**WHAT THE TASK REQUIRES**
With the pictures left out, retype exactly the lines below starting at the line that contains "birds eye view" and ending at the line that contains "fiatal nő mobiltelefon".

===== DATA TO EXAMINE

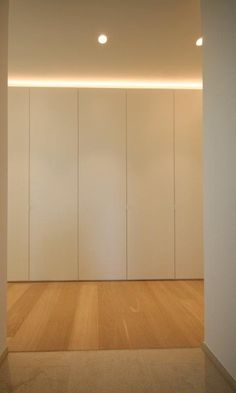 an empty room with white walls and wooden floors is lit by recessed lighting on the ceiling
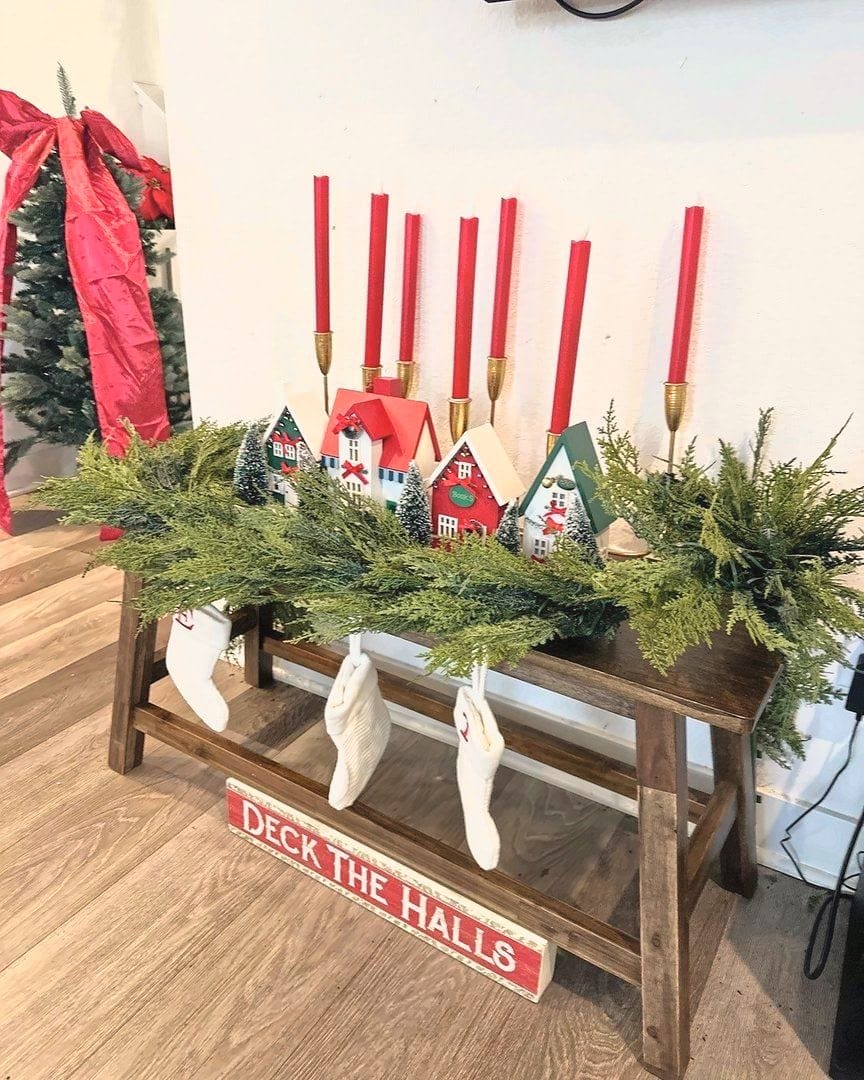 Entry console styled for the holidays by Simply Luxe with greenery garland, red taper candles, mini houses and stockings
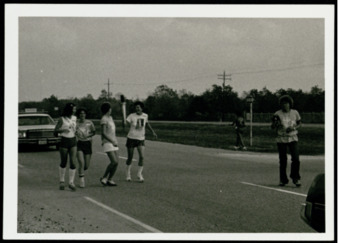 Photograph of Seneca Falls Torch being exchanged by Twiss Butler and Betty Yancey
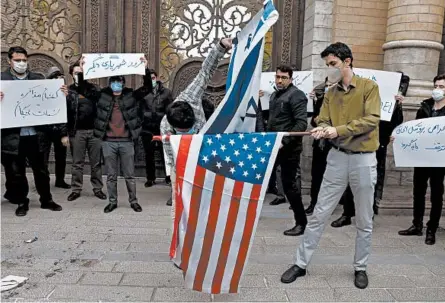  ?? VAHID SALEMI/AP ?? A day after the slaying of a top nuclear scientist, protesters prepare to burn American and Israeli flags Saturday in Tehran.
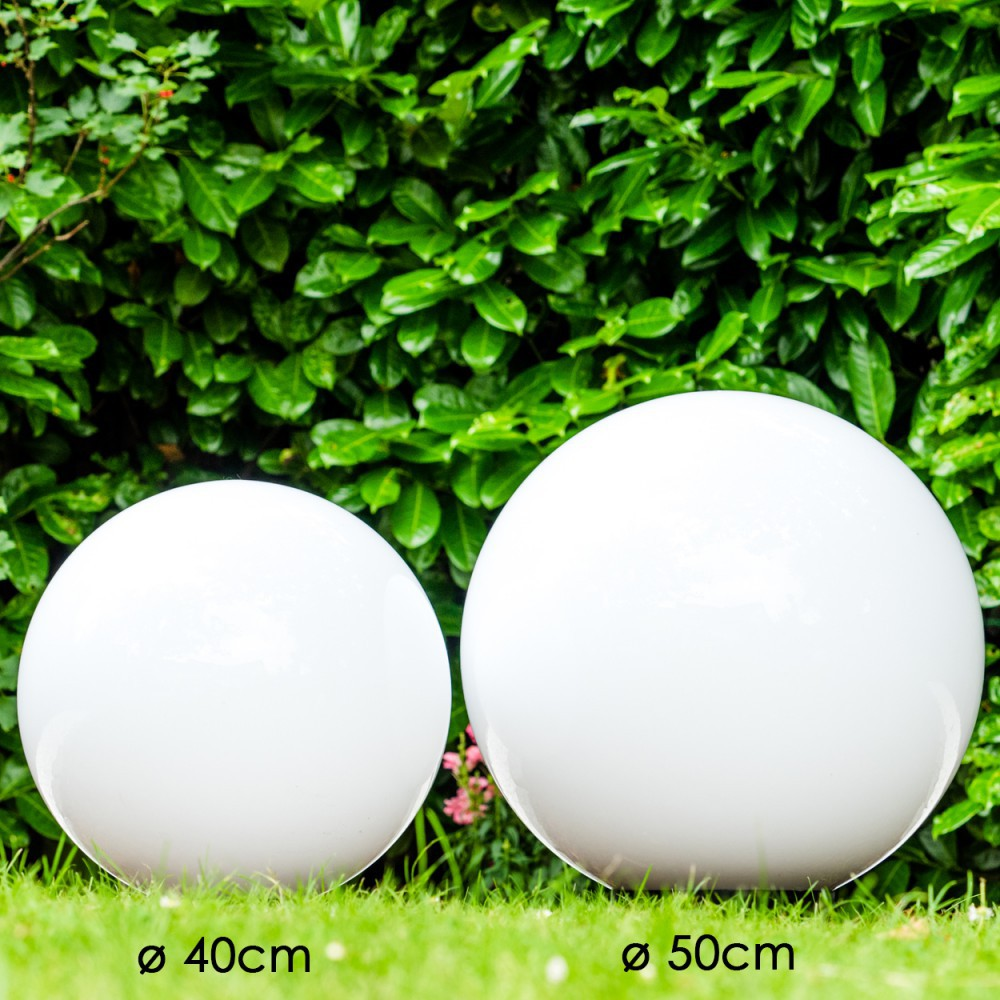 Zwei weiße Kugeln, 40cm und 50cm, stehen im Gras vor grünen Büschen.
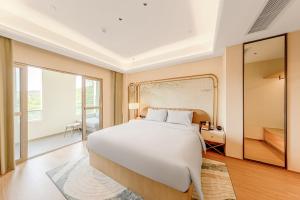 Postel nebo postele na pokoji v ubytování Tunchang Xiangshan Yunju Hotel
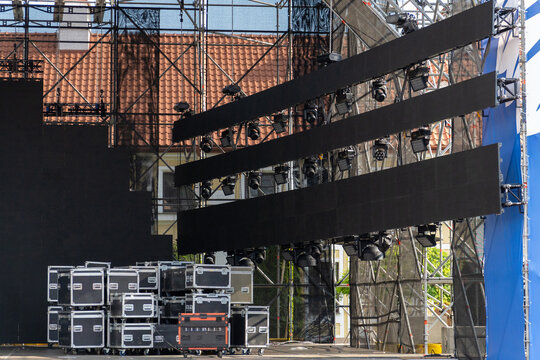 Outdoor concert stage setup with large LED video screens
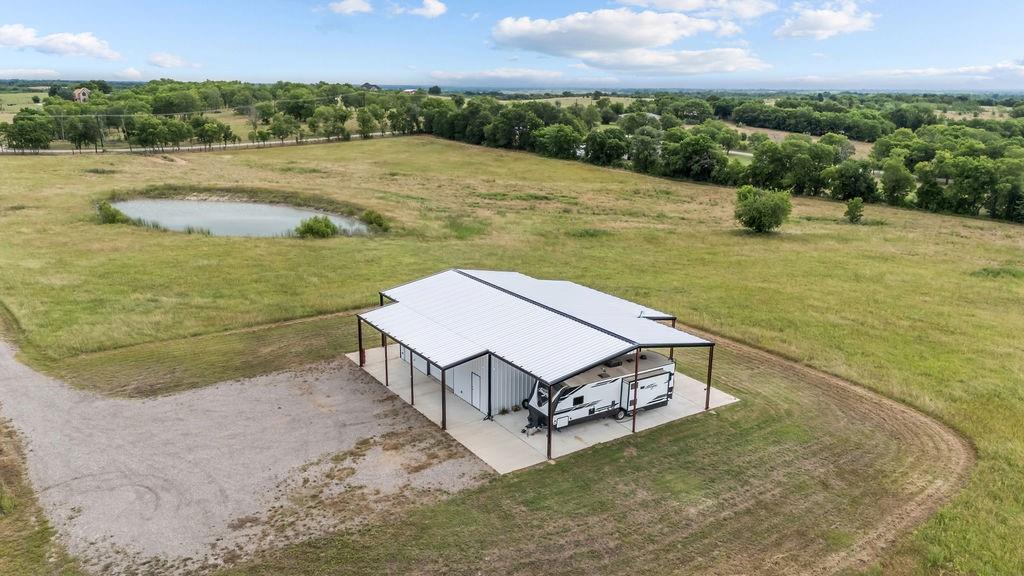 1161 Alsdorf Road Ennis, TX 75119 - Photo 12 of 28 Expansive property featuring a large metal building with an attached covered concrete pad, a gravel driveway, and a pond surrounded by green fields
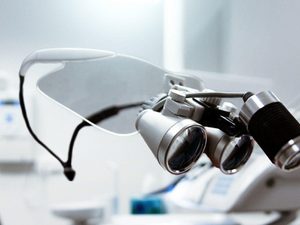 Person showing optometrist magnifying glass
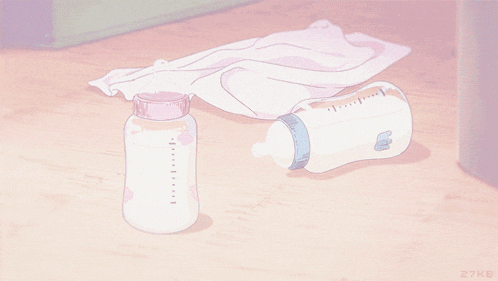 a pink and white bottle with the letter b on it sits on the floor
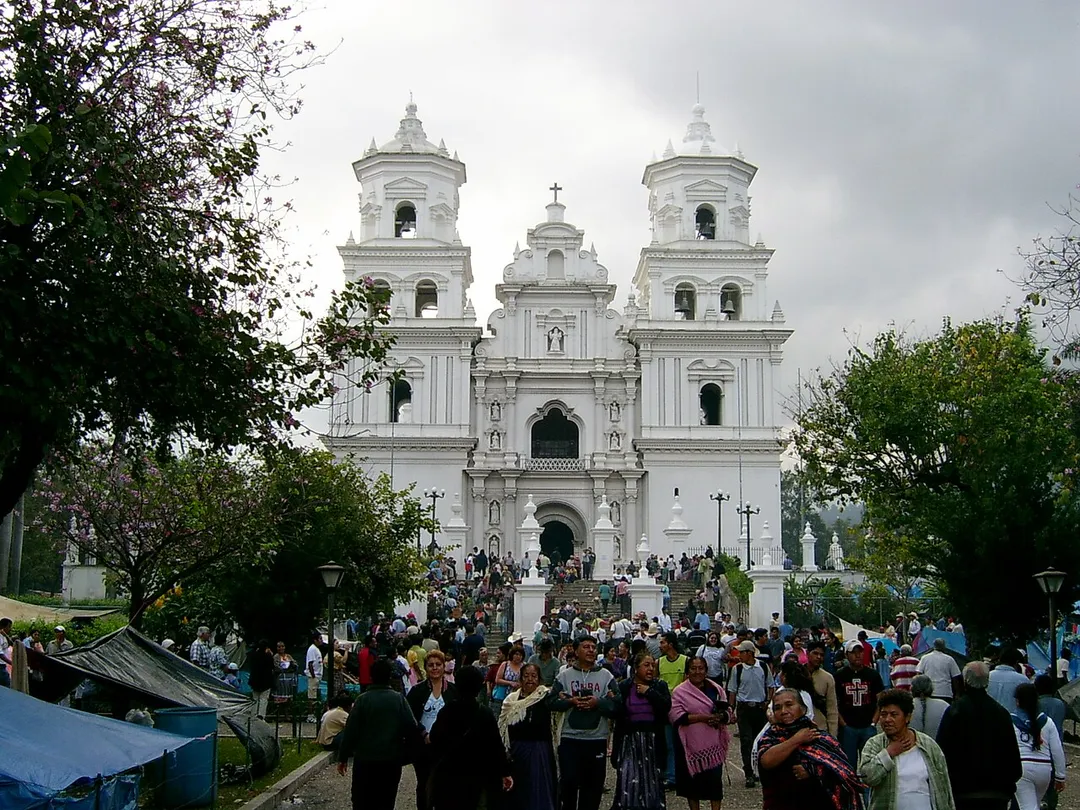 Frontal view of Basilica in Esquipulas, Guatemala on January 14, 2005 - a day before the holiday of Black Christ. During this holiday, he city is crowded by visitors. Some women wear traditional Mayan costumes. Blue tents on both sides of the main path are occupied by poor pilgrim families, which cannot afford a hotel.
This picture is my own work (--Sapfan 17:48, 17 July 2006 (UTC)) and was previously published on http://railtrips.euweb.cz/c_sal_foto1_en.html .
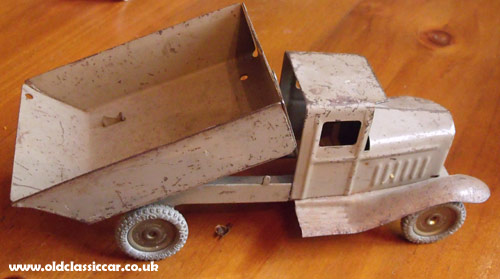 Tipping rear truck body in the raised position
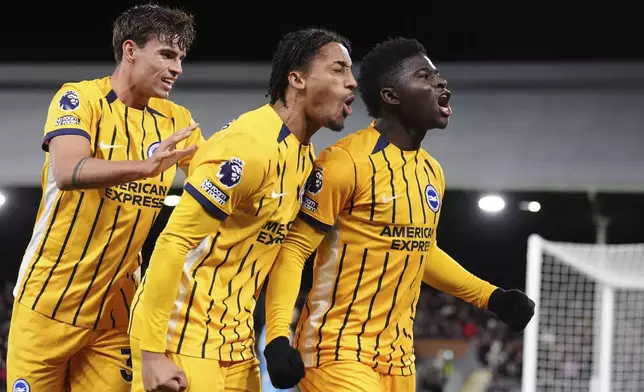 Brighton and Hove Albion's Carlos Baleba, right, celebrates after scoring his sides first goal during the English Premier League soccer match between FC Fulham and Brighton &amp; Hove Albion in London, England, Thursday, Dec. 5, 2024. ( John Walton/PA via AP)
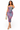 A woman modeling a strapless bodycon midi dress with a purple, pink, and blue tie-dye pattern, holding a beige woven handbag and wearing beige high-heeled sandals against a plain white background.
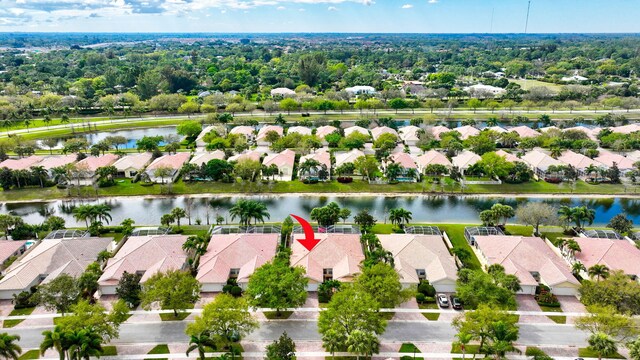 birds eye view of property with a water view and a residential view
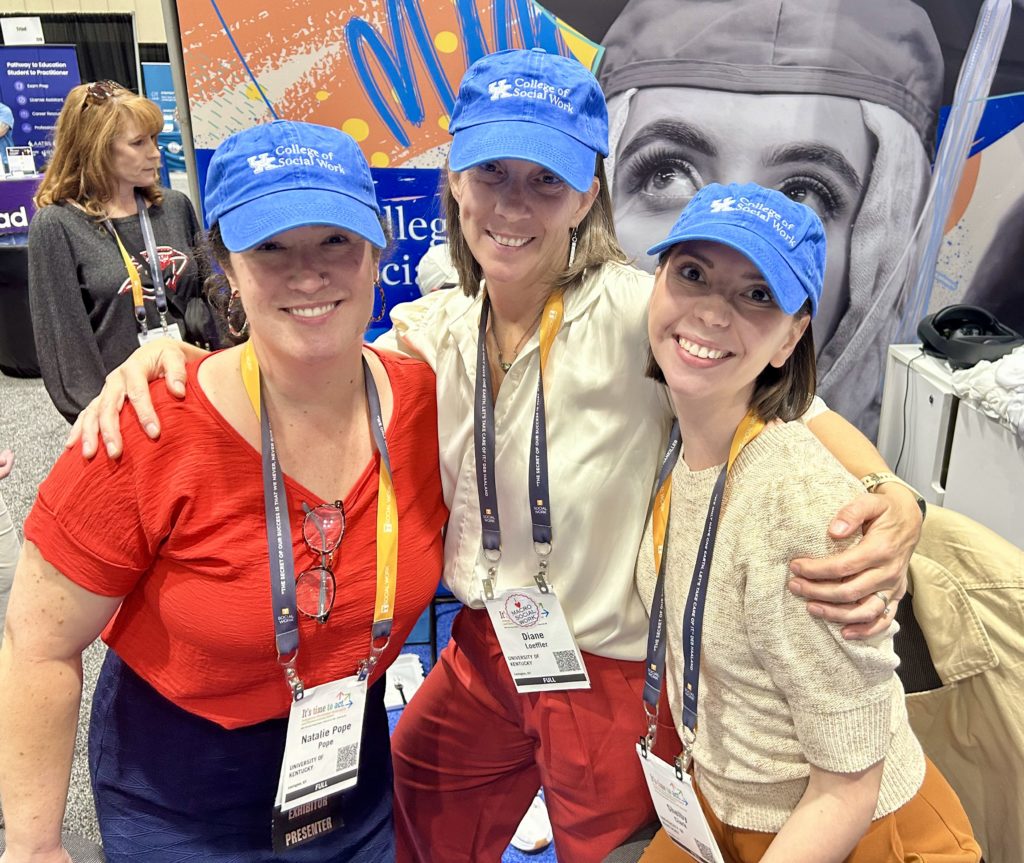Drs. Natalie Pope, Diane Loeffler and Shelby Clark posing at CSWE
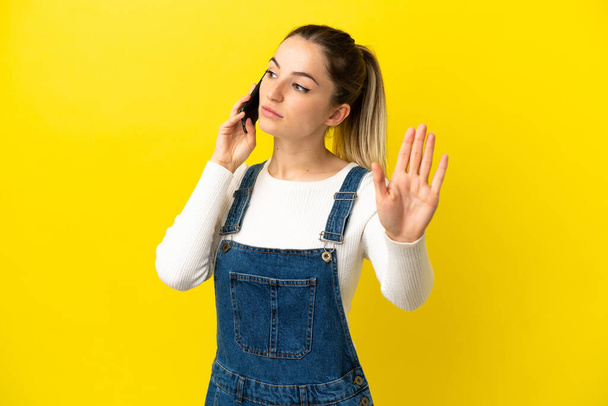 fiatal nő mobiltelefon felett elszigetelt sárga háttér így stop gesztus és csalódott - Fotó, kép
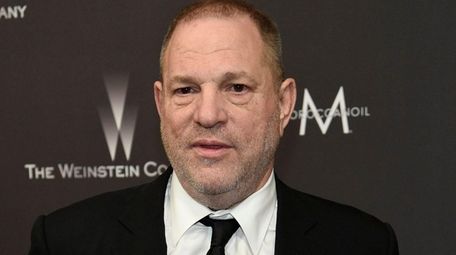 Harvey Weinstein arrives at The Weinstein Co. and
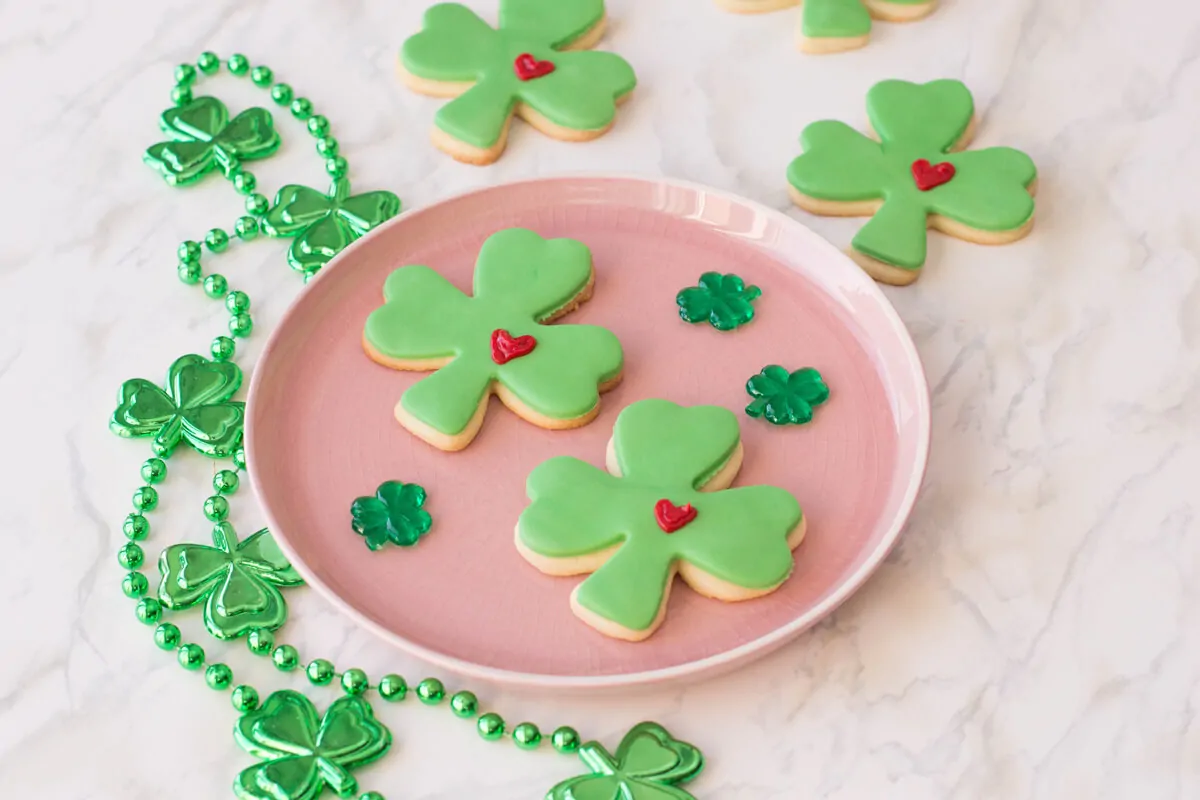 St. Patrick's Day Sugar Cookies shaped as lucky clovers with green fondant and a frosted heart.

==========

**THE COMPLETED TASK**
 birds eye view of property with a water view and a residential view
Drs. Natalie Pope, Diane Loeffler and Shelby Clark posing at CSWE
 fiatal nő mobiltelefon felett elszigetelt sárga háttér így stop gesztus és csalódott - Fotó, kép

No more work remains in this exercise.